- youtube-dl
- youtubesearchpython
-
before running
check and modify your "query_all" in tools.py
query_all = {
"fr": {
"jouer tennis": "fr_playing tennis"
},
"en":{
"playing tennis": "en_playing tennis"
},
"ja":{
"テニスをやる": "ja_playing tennis"
},
"de":{
"tennis spielen": "de_playing tennis"
},
"zh": {
"打网球": "zh_playing tennis"
}
}
from tools import YoutubeWorker
youtube_worker = YoutubeWorker(download_path="./", json_file="query.json")
youtube_worker.youtube_query(page=30, max_minu=30)
- youtube_query only need to run once before download
- after youtube_query , generated json file "query.json" like this
{
"data": [
{"duration": 135, "vid": "60w7mf1Z6tg", "query": "fr_playing tennis"},
{"duration": 165, "vid": "-Ymf3BMDfcY", "query": "fr_playing tennis"}
]
"vid": [
"60w7mf1Z6tg", "-Ymf3BMDfcY"
]
}
youtube_worker = YoutubeWorker(download_path="./", json_file="query.json")
youtube_worker.youtube_download(thread_num=4)
# if you have a list of proxy
# youtube_worker.youtube_download(thread_num=4, proxy_list=["proxy1", "proxy2"])
- youtube_download will check "query.json" and files in donwload_path and remove incomplete files, then download the rest of the file.
- you could run youtube_download several times to download all of the files (Please Limit the duration of download)
youtube_worker = YoutubeWorker(download_path="./", json_file="query.json")
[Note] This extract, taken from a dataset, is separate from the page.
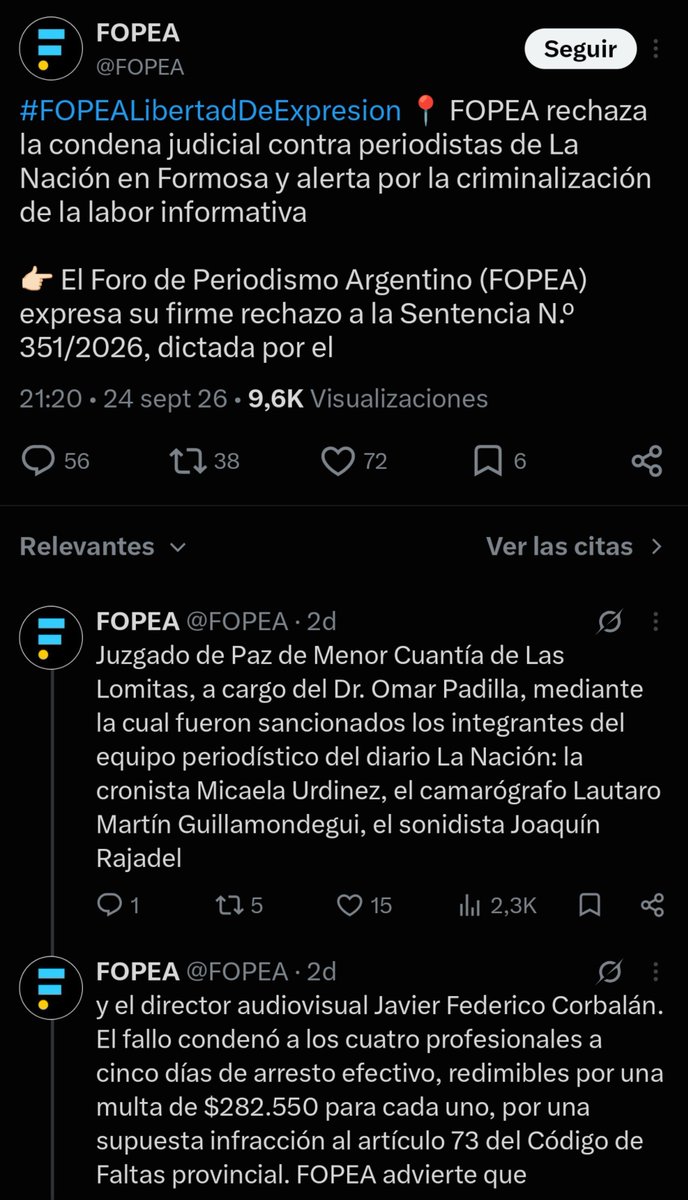 lisandroalm's tweet photo. ¿Que pasa si buscamos UN posteo de Waldman hablando de lo ocurrido en Formosa?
youtube_worker.generate_latest()
- "generate_latest" will remove incomplete files and generate all the avaliable file' json file "latest_query_json"
{
"data": [
{"duration": 135, "vid": "60w7mf1Z6tg", "query": "fr_playing tennis", "file_name": "60w7mf1Z6tg.mp4"},
{"duration": 165, "vid": "-Ymf3BMDfcY", "query": "fr_playing tennis", "file_name": "-Ymf3BMDfcY.mp4"}
]
"vid": [
"60w7mf1Z6tg", "-Ymf3BMDfcY"
]
}